Model Company Can be used commercially Website How to use it
DALL-E 3 OpenAI Yes OpenAI Online service Bing in the creative style
Stable Diffusion Stability-AI Yes OpenAI GitHub Repository has the instructions to use with Python

Parameters

You could see that some models have a number in their name like 7B or 13B. This number is the number of parameters which are internal variables that the model learns through training. When it says a model has 7 billion parameters, it means the model has 7 billion such internal variables and these parameters capture patterns in the data the model was trained on. The number of parameters is often indicative of the model’s complexity and capacity to learn: a model with more parameters can often capture more complex patterns, but also requires more data to train effectively and is more computationally intensive.

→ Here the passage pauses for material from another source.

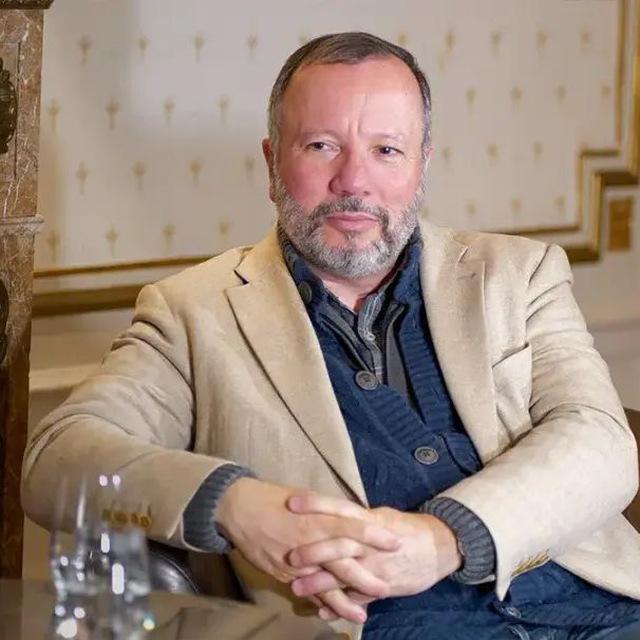 DR. MARKUS KRALL OFFIZIELL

However, it’s important to note that more parameters do not always mean better performance. The effectiveness of a model also depends on factors like the quality of the training data, the architecture of the model, and the specifics of the task at hand.

Quantisation

When a model is trained, it is trained with floating point numbers (like a 32-bits float). But when it is used, it is used with integers (like a 8-bits integer). So the model needs to be converted from floating point to an integer. This is called quantisation. If we take a look at https://huggingface.co/TheBloke/Mixtral-8x7B-v0.1-GGUF/blob/main/README.md#provided-files , we can see different values like “Q2”, “Q3”, “Q4, “Q5”, “Q6” and “Q8”. The more bits, the more precise the model is, but it uses more disk space and more RAM. So it’s a tradeoff between precision and speed.